▶ _TASK DIRECTIONS_
All records below are to be set down precisely as written, excluding pictures.
[[ EXERCISE DATA, beginning ]]
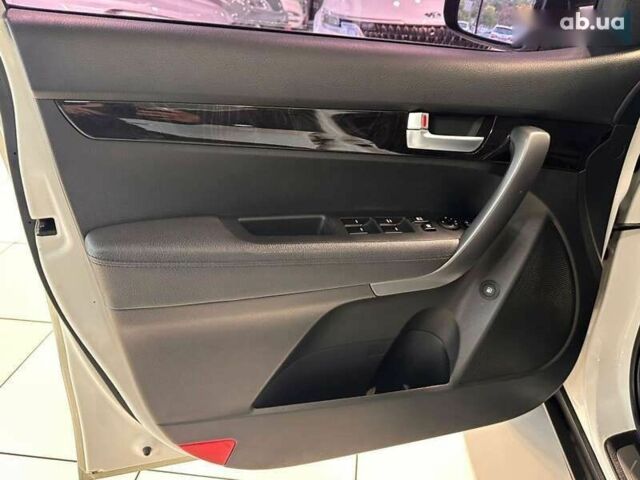 Киа Соренто, объемом двигателя 2 л и пробегом 130 тыс. км за 15200 $, фото 10 на Automoto.ua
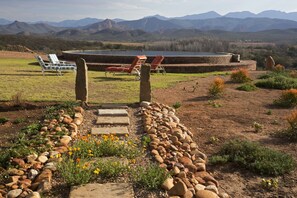 Hồ bơi ngoài trời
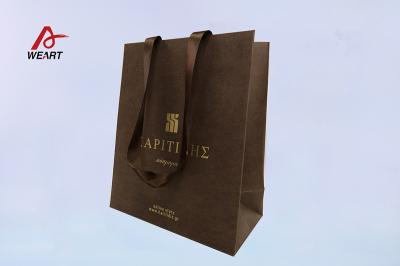 中国 Handmakeによる印刷されたShopingのリボンのハンドルのブラウンのギフト袋はのための衣服を運びます 販売のため
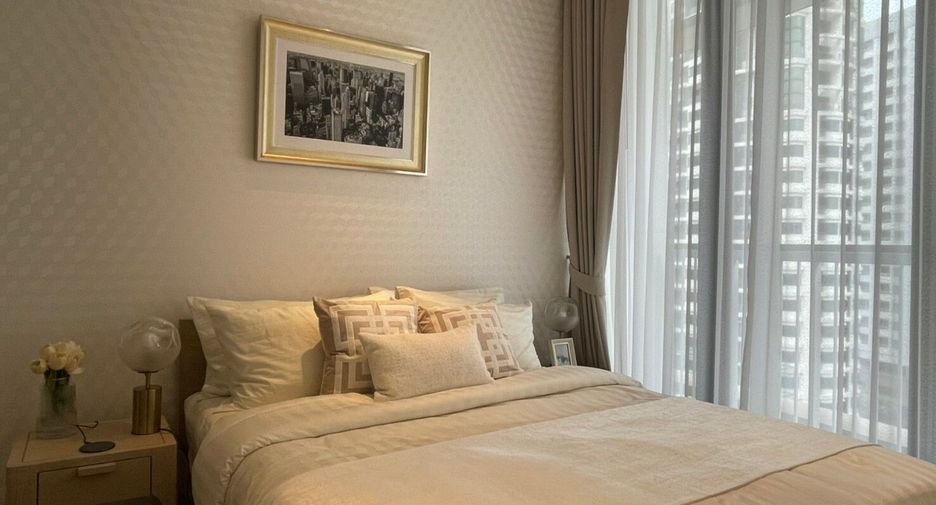 For rent 2 bedrooms apartment in Khlong Toei, Bangkok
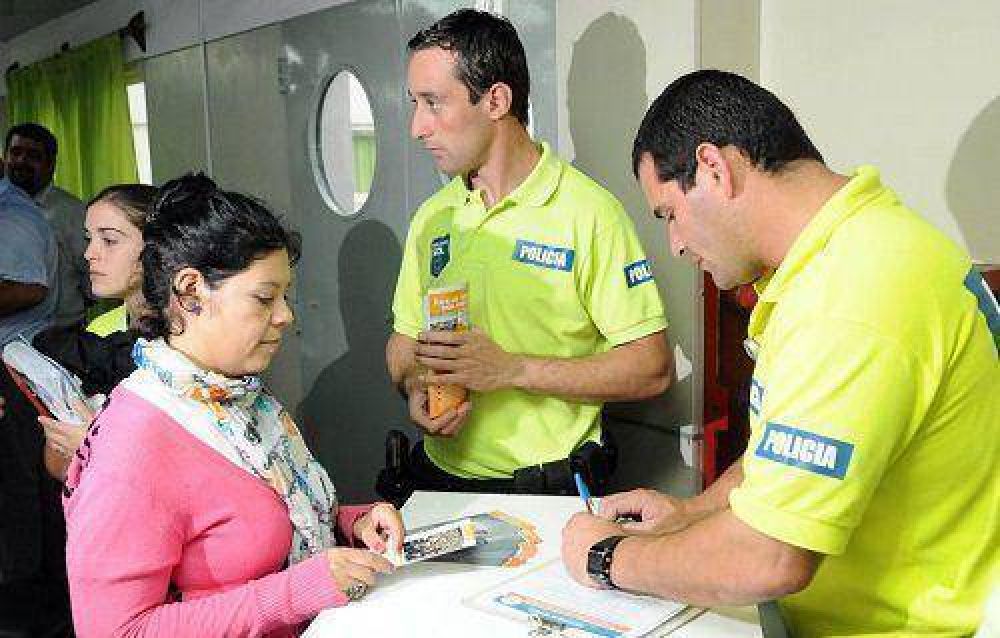 M�s de 25 mil j�venes se inscribieron para ser polic�as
[[ EXERCISE DATA, end ]]
▶ _OUTPUT OF THE EXERCISE_
 Киа Соренто, объемом двигателя 2 л и пробегом 130 тыс. км за 15200 $, фото 10 на Automoto.ua
 Hồ bơi ngoài trời
 中国 Handmakeによる印刷されたShopingのリボンのハンドルのブラウンのギフト袋はのための衣服を運びます 販売のため
 For rent 2 bedrooms apartment in Khlong Toei, Bangkok
 M�s de 25 mil j�venes se inscribieron para ser polic�as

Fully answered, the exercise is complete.